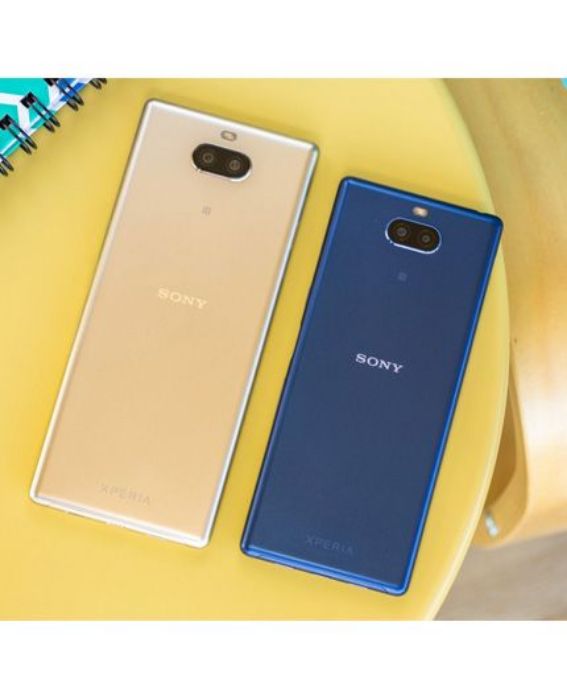 تصویر  گوشی موبایل سونی مدل Xperia 10 Plus ظرفیت 64 گیگابایت رم 4 گیگابایت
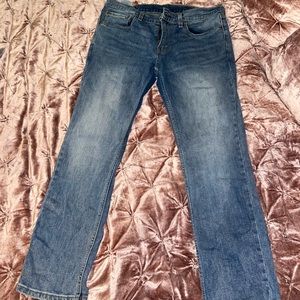 Straight leg Levi’s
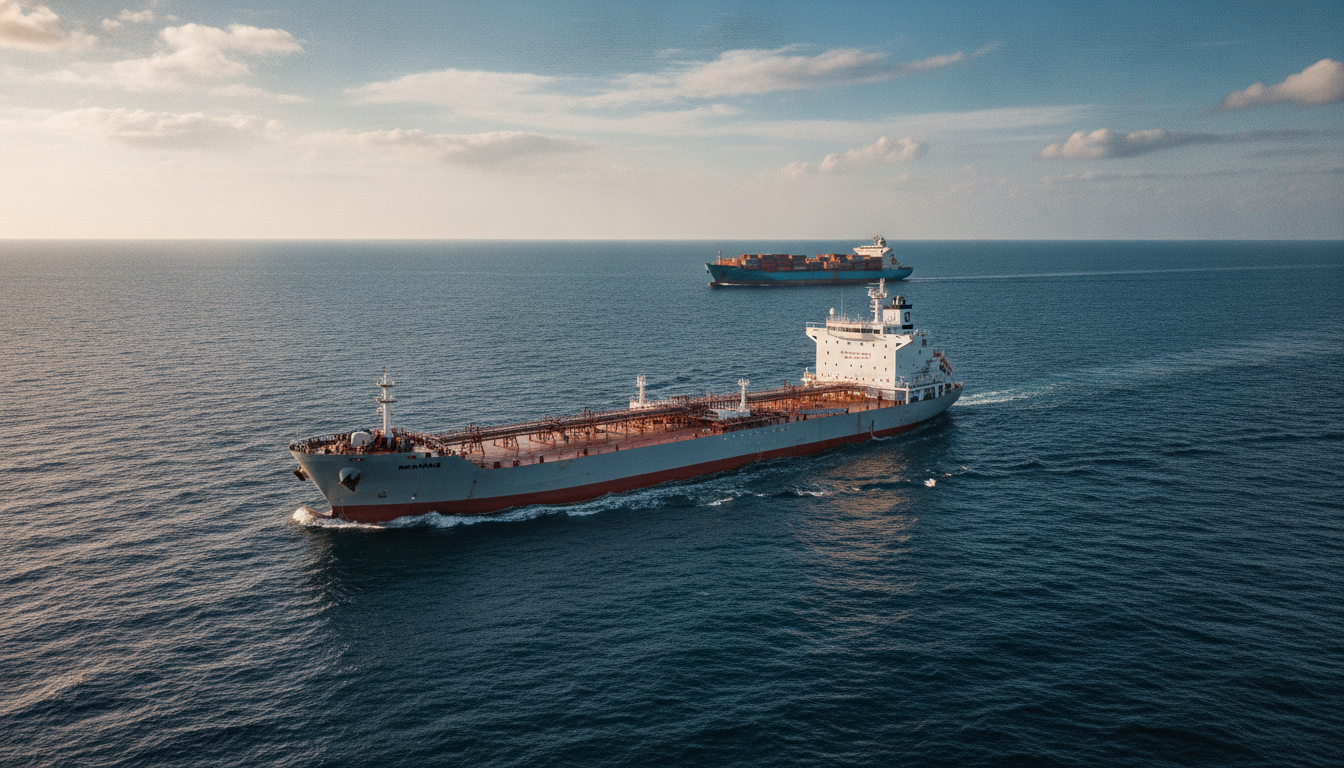 EuroHoldings Tankerstrategie: Containerschiffe sichern Expansion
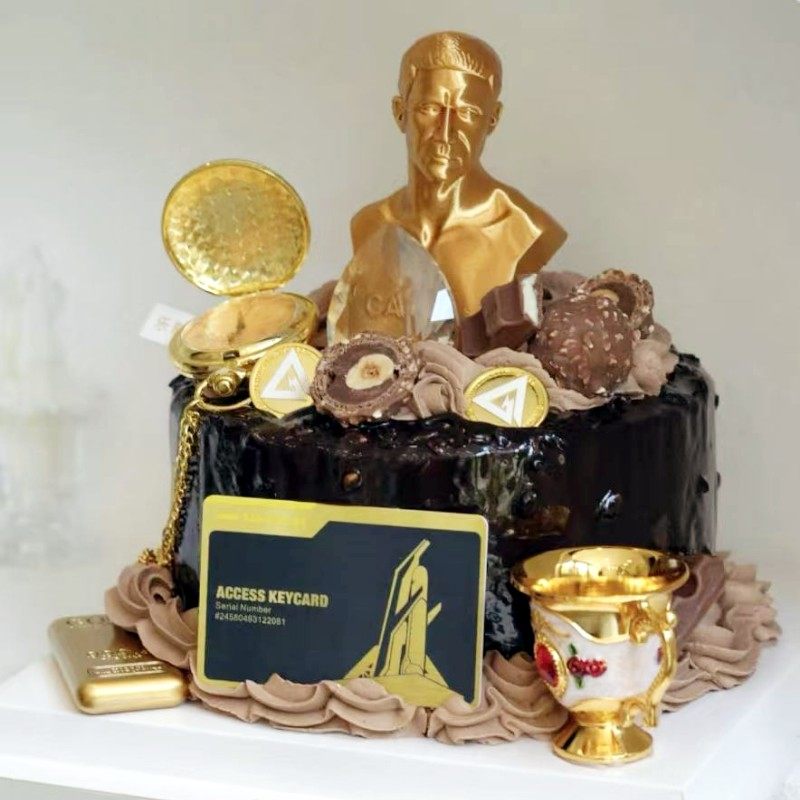 装饰品周边手办玩具儿童礼物生日礼物生日蛋糕三角洲行动蛋糕配件,淘宝优惠券,粉丝福利购,淘宝优惠卷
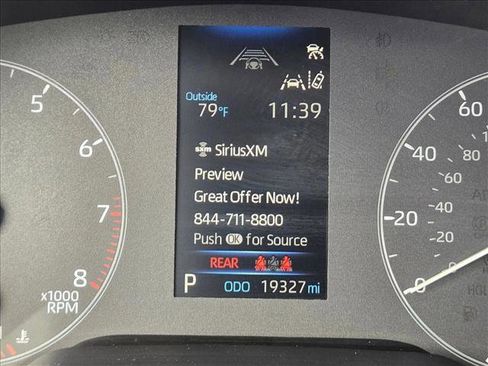 Used 2025 Toyota Corolla LE image 11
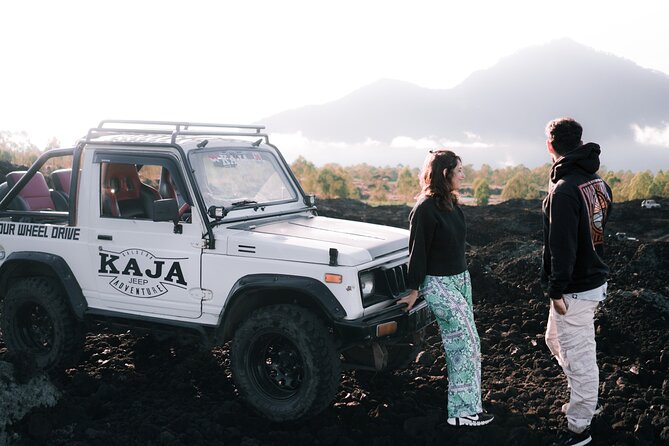 Mount Batur Sunrise Jeep Tour with Optional Activities - Breakfast, coffee, and the hot springs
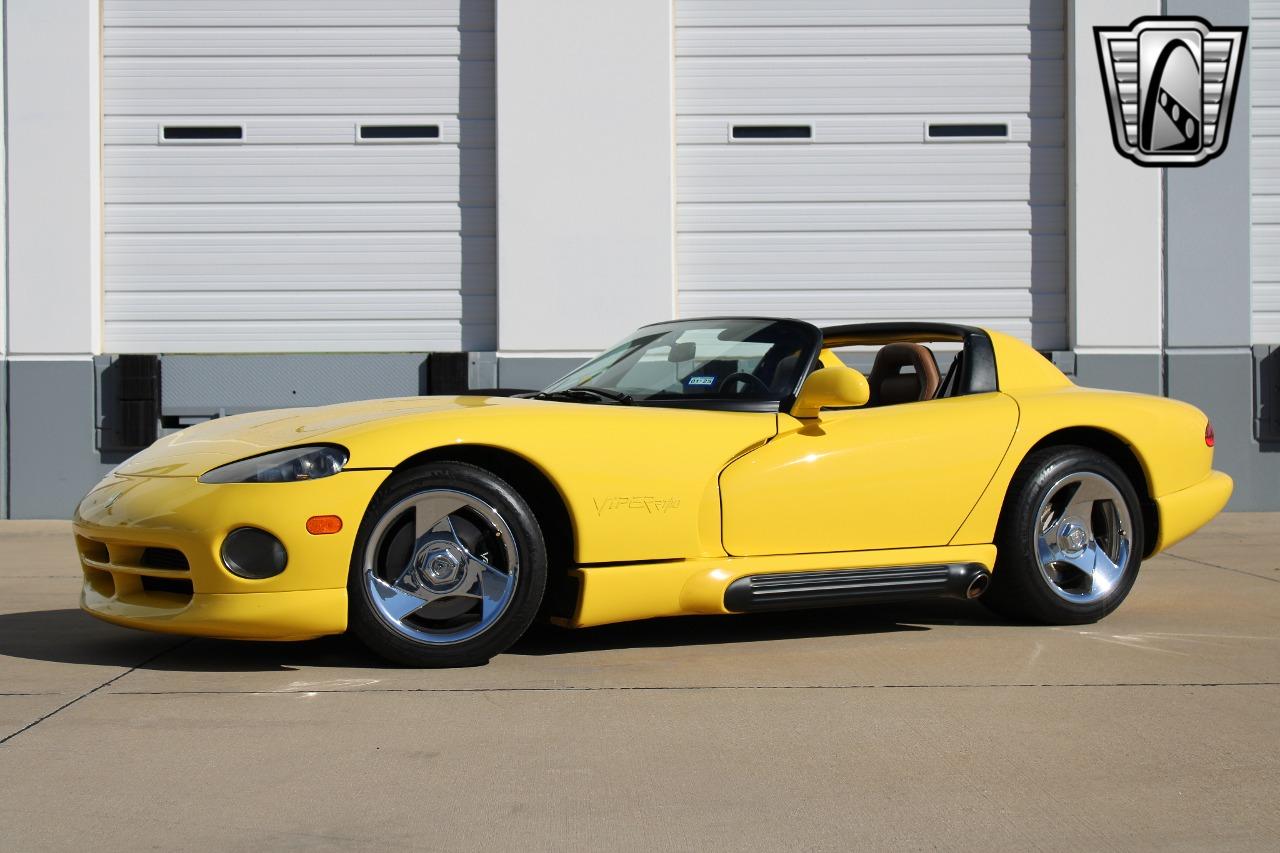 1995 Dodge Viper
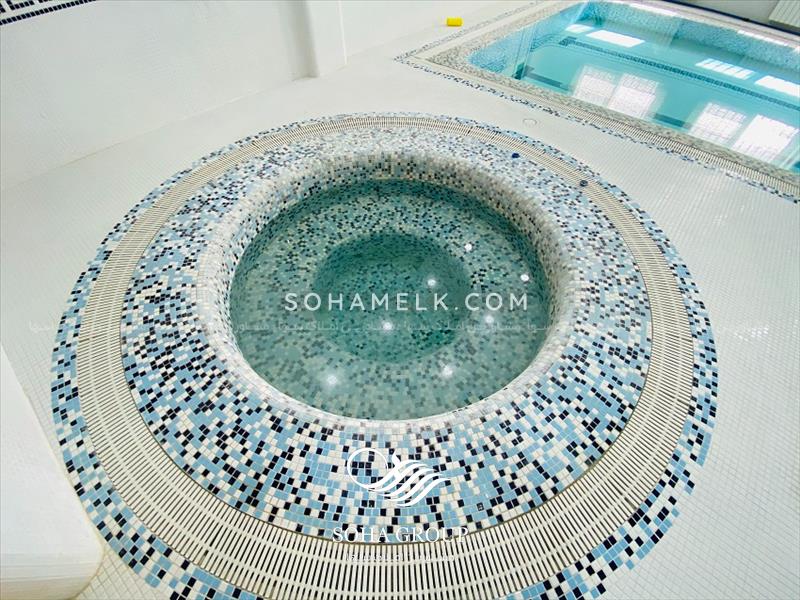 عمارتی فوق العاده زیبا در صفادشت ملارد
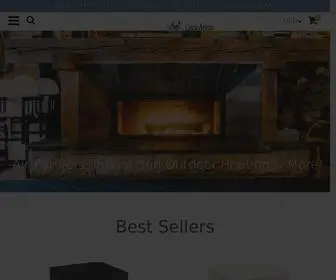 Cozyareas.com(Cozy Areas) Screenshot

◆ ◆ ◆ ◆ ◆

Assignment:
Set each line of the records down again exactly as it reads. Omit the pictures.

Task response:
 تصویر  گوشی موبایل سونی مدل Xperia 10 Plus ظرفیت 64 گیگابایت رم 4 گیگابایت
 Straight leg Levi’s
 EuroHoldings Tankerstrategie: Containerschiffe sichern Expansion
 装饰品周边手办玩具儿童礼物生日礼物生日蛋糕三角洲行动蛋糕配件,淘宝优惠券,粉丝福利购,淘宝优惠卷
 Used 2025 Toyota Corolla LE image 11
 Mount Batur Sunrise Jeep Tour with Optional Activities - Breakfast, coffee, and the hot springs
 1995 Dodge Viper
 عمارتی فوق العاده زیبا در صفادشت ملارد
 Cozyareas.com(Cozy Areas) Screenshot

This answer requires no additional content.